Actions of 4-aminopyridine on vascular smooth muscle tissues of the guinea-pig.

1 Effects of 4-aminopyridine (4-AP) and procaine on the membrane and contractile properties of smooth muscle cells of the guinea-pig pulmonary artery and portal vein were observed.2 The membrane potential and length constant of smooth muscle cells of the guinea-pig pulmonary artery were -53.2 mV and 1.2 mm, respectively, and those of the portal vein were -52.6 mV and 0.71 mm, respectively.
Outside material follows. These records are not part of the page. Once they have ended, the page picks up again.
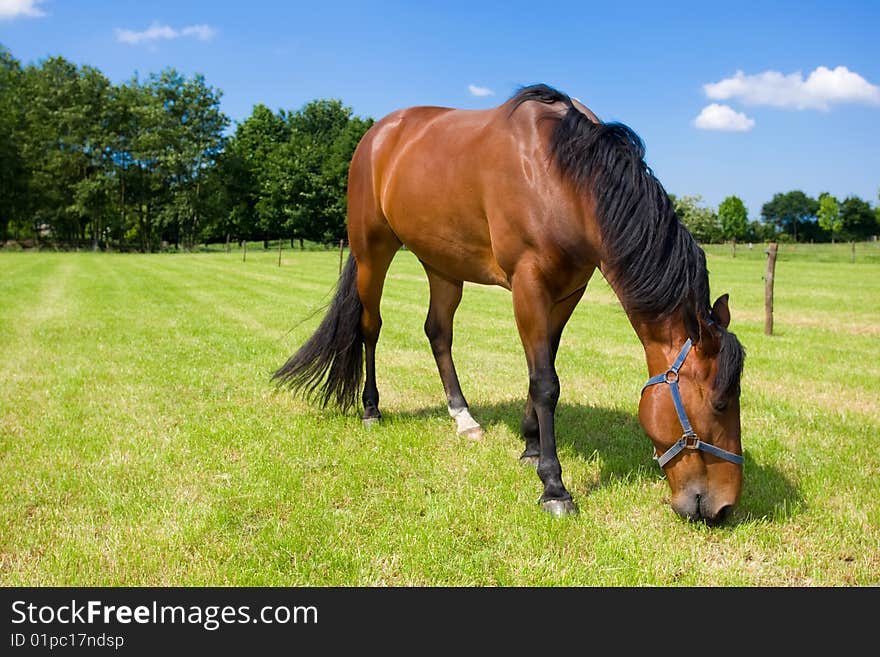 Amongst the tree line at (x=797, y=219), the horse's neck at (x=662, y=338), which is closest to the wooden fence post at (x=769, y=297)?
the horse's neck at (x=662, y=338)

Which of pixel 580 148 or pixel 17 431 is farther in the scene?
pixel 17 431

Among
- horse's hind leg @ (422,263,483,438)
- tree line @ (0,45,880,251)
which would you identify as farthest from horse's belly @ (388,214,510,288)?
tree line @ (0,45,880,251)

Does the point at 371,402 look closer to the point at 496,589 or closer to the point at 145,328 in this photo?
the point at 496,589

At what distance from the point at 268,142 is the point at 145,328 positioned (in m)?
64.9

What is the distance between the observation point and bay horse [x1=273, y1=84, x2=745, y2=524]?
115 inches

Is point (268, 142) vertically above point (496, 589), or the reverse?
point (268, 142)

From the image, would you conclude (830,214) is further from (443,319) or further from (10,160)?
→ (443,319)

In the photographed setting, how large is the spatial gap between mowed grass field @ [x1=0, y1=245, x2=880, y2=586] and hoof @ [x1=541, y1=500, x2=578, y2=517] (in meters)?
0.07

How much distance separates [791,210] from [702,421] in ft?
484

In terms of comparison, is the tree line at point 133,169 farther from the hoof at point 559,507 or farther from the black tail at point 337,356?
the hoof at point 559,507

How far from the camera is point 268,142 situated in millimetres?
70062

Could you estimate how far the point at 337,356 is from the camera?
5.38 meters

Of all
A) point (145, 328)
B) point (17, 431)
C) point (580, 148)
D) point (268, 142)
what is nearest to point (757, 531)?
point (580, 148)

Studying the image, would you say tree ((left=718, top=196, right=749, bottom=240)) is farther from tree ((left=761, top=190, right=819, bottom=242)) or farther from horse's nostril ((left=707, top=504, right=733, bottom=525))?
horse's nostril ((left=707, top=504, right=733, bottom=525))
The membrane was electrically quiescent in the pulmonary artery and it was electrically active in the portal vein.3 Both 4-AP and procaine depolarized the membrane, increased the membrane resistance and suppressed the rectifying properties in both tissues. Both agents evoked a graded response from the muscle membranes of the pulmonary artery by outward current pulse. Procaine had a greater effect than 4-AP on the above membrane properties.4 4-AP (10(-5) M) produced contraction without depolarization of the membrane. The contraction evoked by 10(-5) M 4-AP was completely suppressed but that evoked by 5 x 10(-4) M 4-AP was only partly suppressed by phentolamine (10(-7) M). However, the contraction evoked by procaine was not suppressed by phentolamine.5 4-AP enhanced but procaine suppressed the amplitude of 118 mM K-induced contraction.6 The results suggest that 4-AP and procaine suppress K-conductance of the muscle membrane, and 4-AP but not procaine increases noradrenaline release from the nerve terminal. Presumably intracellular free Ca concentrations are also modified by these agents. The effects of 4-AP and procaine on the vascular muscle were compared with those on other excitable tissues.